ステップS102において、転送先端末装置がないと判定したとき(ステップS102:No)、或いはステップS103の処理が終了したとき、制御部101は、上述したステップS42の処理と同様に、ログIDに応じた宛先にログ登録メッセージを送信して(ステップS104)、投入ログ受信処理を終了する。
このように、第2実施形態における端末装置1'は、投入ログ情報を転送させて、ログ情報を記憶させるものであり、多数の端末装置1'に効率よくログ保持端末装置を配置することができる。
[3.第3実施形態]
第1実施形態及び第2実施形態においては、ログ検索メッセージの送信元の端末装置(ログリクエスト端末装置)に対してログ保持端末装置の所在情報を送信し、ログリクエスト端末装置がログ保持端末装置へログ情報の送信を要求することとしたが、本第3実施形態においては、ログ検索メッセージに対して、ログ保持端末装置の所在情報を保持する端末装置がログ保持端末装置に対してログ情報の送信を依頼し、当該ログ保持端末装置がログリクエスト端末装置に対してログ情報を直接送信するものである。なお、その他の動作については、第1実施形態や第2実施形態における動作と同様であるため、ここでは説明を省略する。本第3実施形態の端末装置1”は、第1実施形態における端末装置1や第2実施形態における端末装置1'と基本的に同一構成であり、制御部101の内部ROMに記憶した情報処理プログラムの内容が一部異なる。
図21に示すように、例えば、端末装置1”hがログID「3113」を検索するログ検索メッセージを送信する(図21に示す(1)参照)と、このログ検索メッセージは、DHTルーティングにより転送され、端末装置1”dに到達する(図21に示す(2)参照)。

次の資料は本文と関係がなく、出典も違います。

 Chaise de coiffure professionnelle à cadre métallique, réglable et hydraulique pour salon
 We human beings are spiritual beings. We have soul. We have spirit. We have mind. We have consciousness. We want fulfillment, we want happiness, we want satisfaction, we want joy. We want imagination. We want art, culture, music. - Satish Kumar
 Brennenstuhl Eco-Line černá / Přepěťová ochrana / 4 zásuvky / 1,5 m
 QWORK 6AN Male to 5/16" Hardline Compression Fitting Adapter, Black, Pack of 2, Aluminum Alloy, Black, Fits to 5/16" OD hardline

端末装置1”dは、受信したログ検索メッセージに示されたログIDのログ保持端末装置の所在情報が記憶部102に記憶したログインデックステーブルに含まれているか否かを判定する。このように制御部101は、受信したメッセージがログ検索メッセージであるとき、ログ検索メッセージに示されたログIDのログ情報を保持する端末装置の所在情報がログインデックステーブルに記憶されているか否かを判定する判定手段として機能する。

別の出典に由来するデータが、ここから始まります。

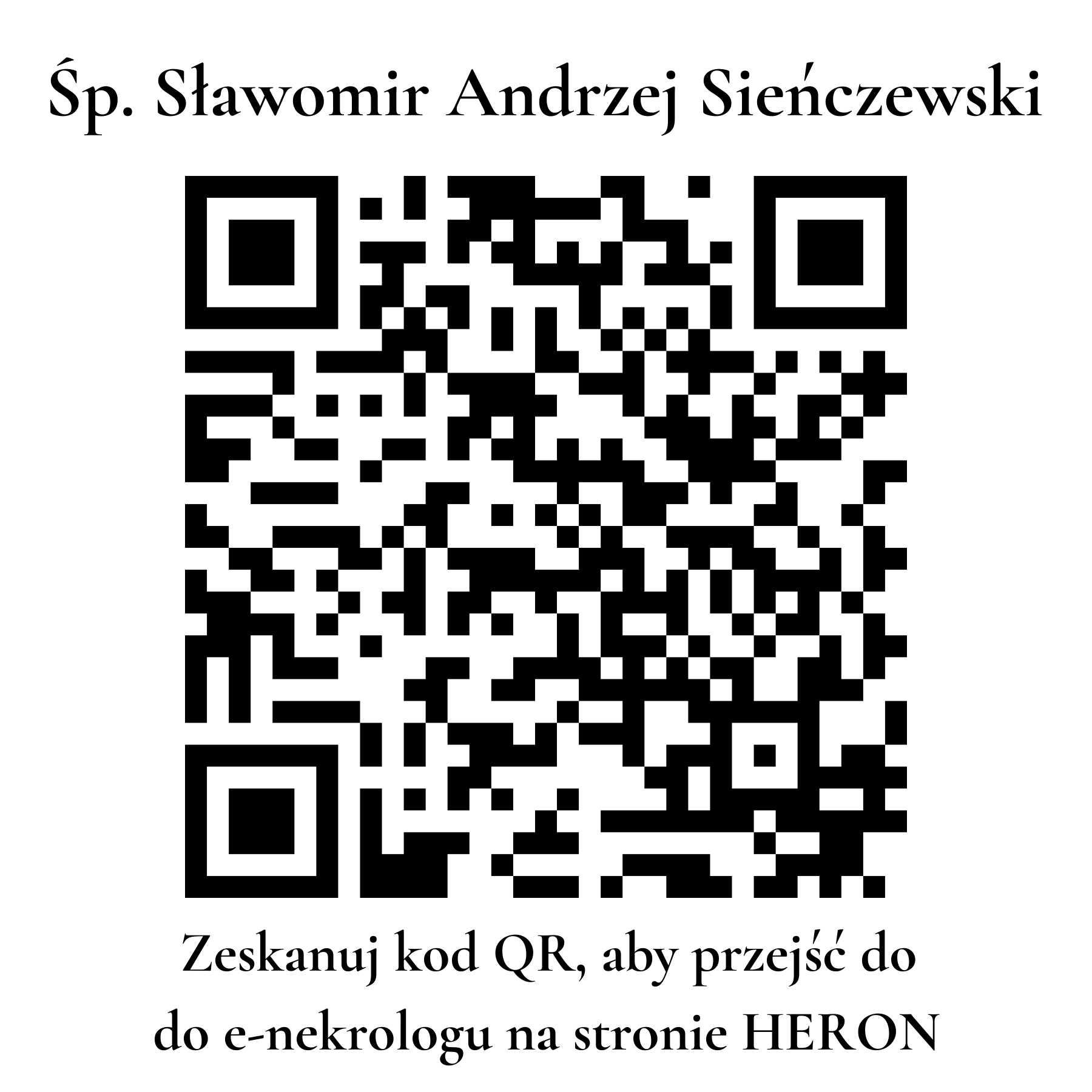 Kod QR do nekrologu Sławomir Andrzej Sieńczewski Kod QR do nekrologu Sławomir Andrzej Sieńczewski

ログ検索メッセージに示されたログIDのログ保持端末装置の所在情報が記憶部102に記憶したログインデックステーブルに含まれていると判定すると、制御部101は、記憶部102のログインデックステーブルに記憶されたログID「3113」のログ保持端末装置1”nの所在情報を取り出し、このログ保持端末装置1”nに対して、ログID「3113」のログ情報を端末装置1”hへ送信するように依頼する(図21に示す(3)参照)。このように制御部101は、ログ検索メッセージの検索対象であるログ保持端末装置の所在情報を有していると判定したとき、当該ログ保持端末装置に対し、ログ検索メッセージの送信元の端末装置1”へログ情報の送信を依頼する情報送信依頼手段として機能する。

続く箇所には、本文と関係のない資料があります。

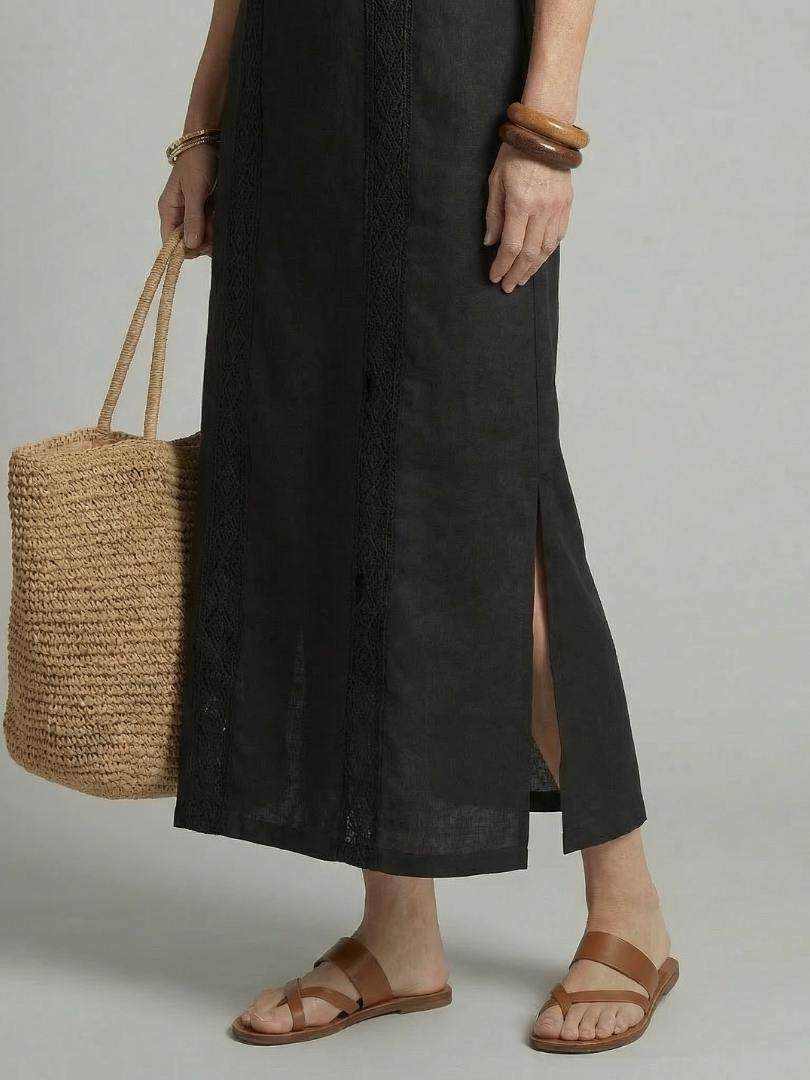 Women's Simple Midi Dress with Relaxed Fit for Daywear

ログ情報の送信依頼を受けたログ保持端末装置1”nは、依頼先の端末装置1”hに対して、ハードディスク103に記憶したログID「3113」のログ情報を通信部113を介して送信する(図21に示す(4)参照)。このように制御部101は、他の端末装置1”からハードディスク103に記憶したログ情報の送信依頼があったとき、依頼先の端末装置1”へログ情報の送信する情報送信手段として機能する。
[4.その他の実施形態]
上述した実施形態においては、ログ情報とコンテンツ情報とを分けて説明したが、ログ情報をコンテンツ情報の一つとして取り扱うようにすることもできる。このとき、ログID、ログインデックステーブル、ログ検索メッセージ、ログ登録メッセージなどは不要となり、コンテンツ情報と同様に処理されることになる。このようにすることで、ログ情報とコンテンツ情報の切り分けが必要なくなり、処理が簡易なものとなる。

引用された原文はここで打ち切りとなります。